Page MenuHomePhabricator

Separate ingress IPs and/or infrastructure for large content uploads
Open, LowPublic

Description

During the incident which lead to T278943 and T278945 (TL;DR - excessive rate of high-res video uploads causing scaling issues at the jobq/videoscaler layer of things), one observation I had was that large content uploads are probably sufficiently-different in nature from our standard edge traffic patterns that they warrant some separation and perhaps even separate implementation tradeoffs, if possible. To expound on that a little:

Our standard traffic ingress via the L4LB (ipvs/pybal) to cpNNNN uses direct routing and its whole design and bandwidth model is built on assumptions that our ingress traffic rate is typically much smaller than our egress. This is true of most traffic, which is typically small HTTP requests and larger HTTP responses, or even when it's POSTs and uploads of various kinds, they're of reasonable size and/or they add up to a small fraction of total requests and thus blend into the background noise just fine.

However, there are also "users" which may have high bandwidth and low latency towards our edges (e.g. co-located in the same facilities as our core DCs) which may attempt to legitimately upload very large content (think giant 4K videos) at a very high bitrate, possibly even saturating our interfaces at some layer(s). Ratelimiting the ingress side of a TCP connection is much harder than the egress (we can drop on reception, but the saturation damage is already done by the time we drop), and such saturations can harm a lot of other unrelated traffic flows through the same infrastructure.

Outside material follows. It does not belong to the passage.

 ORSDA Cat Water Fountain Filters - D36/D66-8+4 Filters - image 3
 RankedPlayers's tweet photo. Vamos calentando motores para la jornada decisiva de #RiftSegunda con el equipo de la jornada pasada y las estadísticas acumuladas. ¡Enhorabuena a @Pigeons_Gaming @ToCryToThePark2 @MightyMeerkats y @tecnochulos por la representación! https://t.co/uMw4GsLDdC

Fixing this out to the L4LB layer will take some work and probably needs to be a real "project" with some design thinking and resource allocation behind it - this task serves as an idea placeholder for now, for lack of a better tool! Some of the concerns here may feed back into the ongoing L4LB re-design work, though.

My initial thought is that it's going to be very difficult to effectively address this so long as the hostname and thus IP address used for large-content uploads is the same as the wiki project hostname used for all other traffic, and so a good first step might be to explore how difficult it would be, at the projects/mediawiki/etc level, to define a separate hostname for potentially-high-bandwidth uploads and get users to commonly use it. The new hostname could initially alias the same IPs and infrastructure we have today, but it would at least allow the future flexibility to look for solutions that separate the traffic flows.

Event Timeline

BBlack created this task.

The swap of Traffic for Traffic-Icebox in this ticket's set of tags was based on a bulk action for all tickets that aren't are neither part of our current planned work nor clearly a recent, higher-priority emergent issue. This is simply one step in a larger task cleanup effort. Further triage of these tickets (and especially, organizing future potential project ideas from them into a new medium) will occur afterwards! For more detail, have a look at the extended explanation on the main page of Traffic-Icebox . Thank you!